R code is a part of a document's dependency graph of modifications/calculations, which can impacts speed on large documents. You can review How to Optimize Speed of Displayr Documents for more information.
When you create R code in Displayr the code is colored and highlighted in a way to make it easier to see what items are being referenced.
- Tables and Calculations will highlight in blue.
- Variables will highlight in yellow.
Hovering over the name of an input will show you a preview of the data. When referencing other variables, any categories that have been merged in the related table will flow through to R, and any that have been removed will be excluded. By clicking the name in the preview, Displayr will then take you to the object, for example to a Page where a table exists or to the Data Sets tree where the variable exists.
- Strings will be colored red.
- Some functions and other constructs will be colored blue. You can also hover over an R function to see the relevant Help documentation.
- Comments - which are used to help document code and are not processed by R - are colored green.

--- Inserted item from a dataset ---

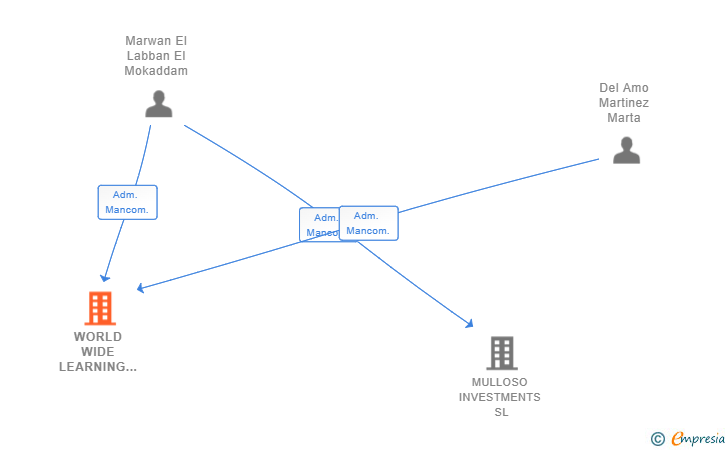 Vinculaciones societarias de WORLD WIDE LEARNING SL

- When referencing default tables, R can only pull in statistics from Inputs > STATISTICS > Cells. The Right and Below statistics are not recognized, but you can add the equivalent as Cells statistics in order to reference these.

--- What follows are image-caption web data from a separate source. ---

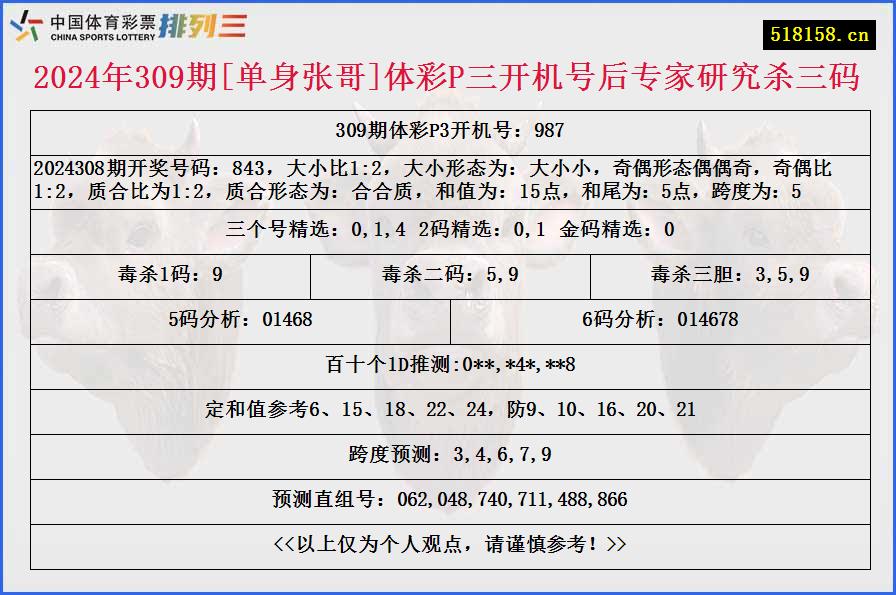 2024年309期[单身张哥]体彩P三开机号后专家研究杀三码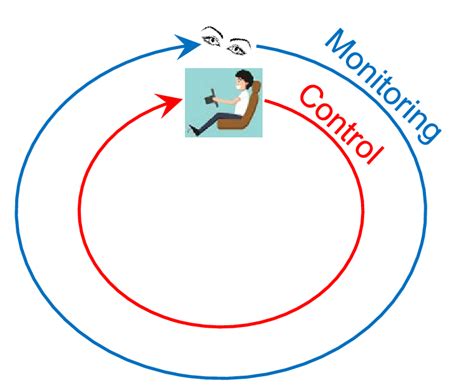 Monitoring Control Loops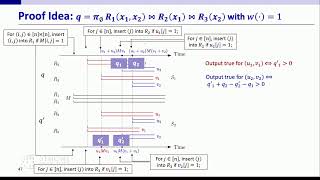 Incremental View Maintenance: Beyond Worst-Case Analysis II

- When referencing default tables, R is unable to bring in significance results from the Arrows and Font colors setting. For a workaround for this see How to Add Statistical Significance to a Table Using the Formattable R Package and How to Add Statistical Significance to AutoFit Tables.
- When referencing default tables that include nested span labels, such as banner tables, R will by default only bring in the bottom-most labels. See How to Work with Nested Banners and Spans in R Tables for more information.

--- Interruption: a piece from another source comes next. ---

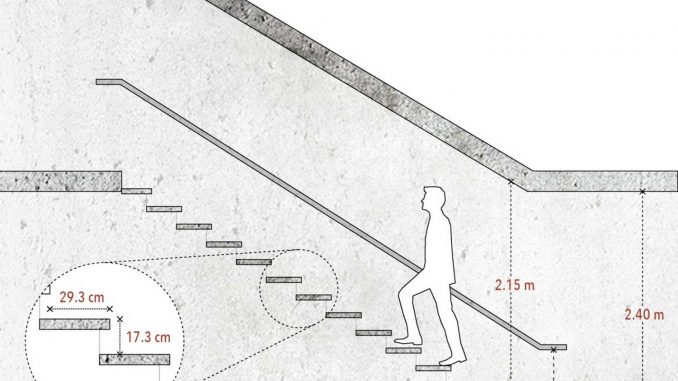 Как рассчитать размеры и конструкции лестницы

- When importing R data sets, R is unable to bring in variable labels as R does not have the concept of both Name and Label. This means each variable will be labeled using the variable name.
- Calculations and R data sets are by default restricted to 67MB.
- There are certain keywords used by R that you should not use as names for your variables, calculations, and data sets. Using one may conflict with some of our automations and cause unintended results. These names include: list, length, exists, assign, names, rep, any, stop, min, max, matrix, attr, sum.